Das Schienenprojekt „Alpha E“ hat ebenfalls die Dringlichkeitsstufe bekommen. Drei Milliarden Euro sind für den Ausbau bestehender Verbindungen zwischen Bremen, Hamburg und Hannover vorgesehen. Ziel der Investitionen ist einerseits eine bessere Anbindung der Seehäfen, andererseits aber auch eine Entlastung des Bremer Bahnknotens beim Güterverkehr.

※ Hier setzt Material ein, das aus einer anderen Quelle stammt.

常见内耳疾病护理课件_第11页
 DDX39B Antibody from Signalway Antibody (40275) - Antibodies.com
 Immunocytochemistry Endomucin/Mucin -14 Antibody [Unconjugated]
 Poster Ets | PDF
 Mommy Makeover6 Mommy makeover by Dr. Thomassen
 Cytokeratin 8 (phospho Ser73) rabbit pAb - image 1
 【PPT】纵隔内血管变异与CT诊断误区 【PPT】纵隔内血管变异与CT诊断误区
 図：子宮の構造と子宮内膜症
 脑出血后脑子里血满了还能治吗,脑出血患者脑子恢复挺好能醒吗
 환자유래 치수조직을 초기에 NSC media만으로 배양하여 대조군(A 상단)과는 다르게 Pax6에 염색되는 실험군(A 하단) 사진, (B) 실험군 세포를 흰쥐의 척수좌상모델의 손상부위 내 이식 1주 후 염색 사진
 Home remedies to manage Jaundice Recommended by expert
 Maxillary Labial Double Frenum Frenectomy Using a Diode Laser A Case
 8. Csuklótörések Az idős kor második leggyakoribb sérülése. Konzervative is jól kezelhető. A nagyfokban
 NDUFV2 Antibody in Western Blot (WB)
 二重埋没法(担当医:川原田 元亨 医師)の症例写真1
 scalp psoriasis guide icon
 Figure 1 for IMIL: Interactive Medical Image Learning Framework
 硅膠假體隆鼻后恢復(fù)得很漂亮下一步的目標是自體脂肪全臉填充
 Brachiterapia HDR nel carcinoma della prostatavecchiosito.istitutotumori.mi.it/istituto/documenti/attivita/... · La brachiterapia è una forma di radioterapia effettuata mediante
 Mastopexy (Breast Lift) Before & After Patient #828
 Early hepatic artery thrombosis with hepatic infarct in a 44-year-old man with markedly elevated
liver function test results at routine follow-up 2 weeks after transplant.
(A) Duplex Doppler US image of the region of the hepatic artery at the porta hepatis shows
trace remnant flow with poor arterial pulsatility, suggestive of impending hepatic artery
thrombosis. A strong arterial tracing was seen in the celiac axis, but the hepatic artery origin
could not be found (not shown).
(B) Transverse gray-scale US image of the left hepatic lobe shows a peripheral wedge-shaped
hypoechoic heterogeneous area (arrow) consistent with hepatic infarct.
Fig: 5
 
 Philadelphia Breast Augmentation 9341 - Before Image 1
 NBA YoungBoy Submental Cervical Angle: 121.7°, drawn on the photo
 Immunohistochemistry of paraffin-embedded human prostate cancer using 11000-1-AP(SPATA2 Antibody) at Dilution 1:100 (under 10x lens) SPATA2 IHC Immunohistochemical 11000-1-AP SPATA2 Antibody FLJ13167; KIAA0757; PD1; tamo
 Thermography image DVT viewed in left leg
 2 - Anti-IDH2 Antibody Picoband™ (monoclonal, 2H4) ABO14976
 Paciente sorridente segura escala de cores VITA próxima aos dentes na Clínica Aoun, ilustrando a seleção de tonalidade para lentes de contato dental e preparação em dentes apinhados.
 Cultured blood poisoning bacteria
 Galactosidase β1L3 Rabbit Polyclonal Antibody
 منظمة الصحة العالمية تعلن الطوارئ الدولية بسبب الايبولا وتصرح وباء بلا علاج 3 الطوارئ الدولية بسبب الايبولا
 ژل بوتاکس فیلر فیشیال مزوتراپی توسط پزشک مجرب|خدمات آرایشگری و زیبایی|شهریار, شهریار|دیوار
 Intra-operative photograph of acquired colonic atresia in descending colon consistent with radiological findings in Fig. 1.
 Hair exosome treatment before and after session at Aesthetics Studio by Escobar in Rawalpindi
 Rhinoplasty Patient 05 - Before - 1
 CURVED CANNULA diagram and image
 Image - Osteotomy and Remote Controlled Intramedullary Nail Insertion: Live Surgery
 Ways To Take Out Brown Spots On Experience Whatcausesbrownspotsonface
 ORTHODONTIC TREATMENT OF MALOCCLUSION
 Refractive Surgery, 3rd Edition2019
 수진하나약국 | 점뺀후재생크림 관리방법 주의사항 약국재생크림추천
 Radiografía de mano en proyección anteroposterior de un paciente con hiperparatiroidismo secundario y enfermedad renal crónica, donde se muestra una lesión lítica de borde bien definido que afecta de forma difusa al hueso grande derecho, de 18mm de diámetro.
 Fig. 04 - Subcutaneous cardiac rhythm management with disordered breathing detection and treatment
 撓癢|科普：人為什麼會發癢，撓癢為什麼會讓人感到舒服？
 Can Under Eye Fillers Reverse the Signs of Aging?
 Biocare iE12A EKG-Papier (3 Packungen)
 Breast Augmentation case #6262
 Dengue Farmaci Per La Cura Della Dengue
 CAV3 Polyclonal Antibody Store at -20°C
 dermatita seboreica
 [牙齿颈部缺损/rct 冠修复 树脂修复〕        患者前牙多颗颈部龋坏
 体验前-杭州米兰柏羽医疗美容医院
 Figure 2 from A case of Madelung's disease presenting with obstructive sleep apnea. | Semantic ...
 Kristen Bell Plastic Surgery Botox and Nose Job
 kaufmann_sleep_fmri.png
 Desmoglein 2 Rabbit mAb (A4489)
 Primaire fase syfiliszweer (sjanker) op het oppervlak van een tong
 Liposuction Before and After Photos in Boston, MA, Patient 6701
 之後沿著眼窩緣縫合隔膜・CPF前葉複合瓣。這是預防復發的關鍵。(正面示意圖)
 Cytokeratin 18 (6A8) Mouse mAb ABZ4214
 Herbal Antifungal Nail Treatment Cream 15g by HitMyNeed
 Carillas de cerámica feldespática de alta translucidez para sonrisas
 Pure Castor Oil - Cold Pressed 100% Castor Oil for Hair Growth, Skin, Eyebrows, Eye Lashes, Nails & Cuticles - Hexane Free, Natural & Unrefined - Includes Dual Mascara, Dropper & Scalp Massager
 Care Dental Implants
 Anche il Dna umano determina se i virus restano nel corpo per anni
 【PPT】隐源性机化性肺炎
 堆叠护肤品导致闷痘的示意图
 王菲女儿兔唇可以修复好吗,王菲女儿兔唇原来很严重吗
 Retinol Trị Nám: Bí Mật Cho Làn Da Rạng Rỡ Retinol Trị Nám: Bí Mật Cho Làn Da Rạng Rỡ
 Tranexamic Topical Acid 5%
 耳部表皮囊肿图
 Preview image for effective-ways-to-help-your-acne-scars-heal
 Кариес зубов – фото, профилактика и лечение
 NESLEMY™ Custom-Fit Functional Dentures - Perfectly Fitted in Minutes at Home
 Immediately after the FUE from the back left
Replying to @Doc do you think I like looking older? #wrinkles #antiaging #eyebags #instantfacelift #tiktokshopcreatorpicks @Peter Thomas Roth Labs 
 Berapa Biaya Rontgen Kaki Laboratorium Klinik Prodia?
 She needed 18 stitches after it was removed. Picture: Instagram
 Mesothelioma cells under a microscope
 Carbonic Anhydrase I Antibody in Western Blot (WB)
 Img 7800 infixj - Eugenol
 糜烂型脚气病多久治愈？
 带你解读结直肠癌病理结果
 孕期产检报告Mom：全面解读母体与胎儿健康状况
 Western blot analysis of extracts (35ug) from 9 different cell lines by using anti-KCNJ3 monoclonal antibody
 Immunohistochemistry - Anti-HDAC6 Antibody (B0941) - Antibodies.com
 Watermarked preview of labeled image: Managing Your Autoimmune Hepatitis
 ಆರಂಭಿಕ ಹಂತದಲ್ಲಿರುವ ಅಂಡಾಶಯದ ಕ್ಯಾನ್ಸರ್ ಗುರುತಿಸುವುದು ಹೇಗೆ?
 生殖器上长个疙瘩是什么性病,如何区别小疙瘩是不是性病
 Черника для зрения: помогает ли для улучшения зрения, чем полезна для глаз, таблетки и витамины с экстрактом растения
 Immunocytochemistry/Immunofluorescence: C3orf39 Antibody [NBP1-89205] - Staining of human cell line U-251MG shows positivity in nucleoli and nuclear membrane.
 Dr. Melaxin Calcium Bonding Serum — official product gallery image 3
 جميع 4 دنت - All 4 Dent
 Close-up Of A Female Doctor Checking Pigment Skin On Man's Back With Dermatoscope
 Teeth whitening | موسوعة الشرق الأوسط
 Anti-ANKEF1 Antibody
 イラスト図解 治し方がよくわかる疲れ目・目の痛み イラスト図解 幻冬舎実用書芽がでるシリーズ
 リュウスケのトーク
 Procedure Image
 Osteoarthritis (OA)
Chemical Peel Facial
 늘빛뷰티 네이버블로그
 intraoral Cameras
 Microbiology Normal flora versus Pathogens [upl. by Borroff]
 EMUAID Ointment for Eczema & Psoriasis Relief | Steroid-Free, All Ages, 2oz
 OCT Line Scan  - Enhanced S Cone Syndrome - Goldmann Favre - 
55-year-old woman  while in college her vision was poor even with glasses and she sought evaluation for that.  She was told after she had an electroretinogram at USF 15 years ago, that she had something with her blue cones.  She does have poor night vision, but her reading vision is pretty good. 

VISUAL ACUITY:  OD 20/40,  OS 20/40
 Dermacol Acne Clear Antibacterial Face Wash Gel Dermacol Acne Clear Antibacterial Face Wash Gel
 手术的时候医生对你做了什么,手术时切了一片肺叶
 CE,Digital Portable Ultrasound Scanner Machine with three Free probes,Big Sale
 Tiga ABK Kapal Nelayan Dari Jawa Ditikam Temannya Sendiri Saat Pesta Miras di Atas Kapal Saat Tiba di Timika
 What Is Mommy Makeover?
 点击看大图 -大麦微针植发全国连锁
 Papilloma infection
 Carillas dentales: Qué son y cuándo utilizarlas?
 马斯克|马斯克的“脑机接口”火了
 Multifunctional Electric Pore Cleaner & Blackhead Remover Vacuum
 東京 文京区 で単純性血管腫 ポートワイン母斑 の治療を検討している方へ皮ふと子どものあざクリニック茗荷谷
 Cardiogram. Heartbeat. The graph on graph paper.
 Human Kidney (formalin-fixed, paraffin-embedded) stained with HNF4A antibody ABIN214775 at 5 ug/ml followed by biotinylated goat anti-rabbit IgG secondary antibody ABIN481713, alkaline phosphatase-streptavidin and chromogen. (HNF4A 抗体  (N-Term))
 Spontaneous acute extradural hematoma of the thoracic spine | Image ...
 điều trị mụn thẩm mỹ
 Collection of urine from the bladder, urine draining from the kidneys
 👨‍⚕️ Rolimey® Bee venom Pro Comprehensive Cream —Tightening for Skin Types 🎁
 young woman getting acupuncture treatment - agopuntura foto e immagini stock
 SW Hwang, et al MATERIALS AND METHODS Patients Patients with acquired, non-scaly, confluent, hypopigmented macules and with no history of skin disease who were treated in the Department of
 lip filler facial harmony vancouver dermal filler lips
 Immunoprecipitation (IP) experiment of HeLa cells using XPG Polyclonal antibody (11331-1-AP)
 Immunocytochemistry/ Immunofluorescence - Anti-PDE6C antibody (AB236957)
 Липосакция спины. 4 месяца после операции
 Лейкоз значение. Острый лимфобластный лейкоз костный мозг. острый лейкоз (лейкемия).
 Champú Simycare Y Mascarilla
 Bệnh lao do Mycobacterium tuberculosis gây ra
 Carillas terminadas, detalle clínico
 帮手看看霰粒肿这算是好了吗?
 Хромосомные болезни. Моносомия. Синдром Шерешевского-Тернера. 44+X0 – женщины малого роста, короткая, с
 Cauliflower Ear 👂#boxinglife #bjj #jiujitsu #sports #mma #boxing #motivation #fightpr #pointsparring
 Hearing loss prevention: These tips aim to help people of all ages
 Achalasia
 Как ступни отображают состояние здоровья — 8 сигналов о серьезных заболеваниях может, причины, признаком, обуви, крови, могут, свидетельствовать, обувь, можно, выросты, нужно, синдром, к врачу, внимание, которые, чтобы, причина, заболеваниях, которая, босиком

Insgesamt sollen Straßen, Schienen und Wasserwege bis 2030 mit fast 270 Milliarden Euro ausgebaut und in Schuss gehalten werden. Nach dem Konzept von Verkehrsminister Alexander Dobrindt (CSU) sind knapp die Hälfte der Gelder für Bundesstraßen und Autobahnen vorgesehen, fast 42 Prozent für Bahnprojekte, der Rest für Flüsse und Kanäle. Die Opposition kritisierte den hohen Anteil für den Straßenbau. „Wenn die Hälfte aller Mittel in den Straßenverkehr fließt, dann läuft etwas schief“, sagte der Bundestagsabgeordnete Herbert Behrens (Linke) aus Osterholz-Scharmbeck. So könne die Bundesregierung nicht ihren eigenen Klimazielen gerecht werden.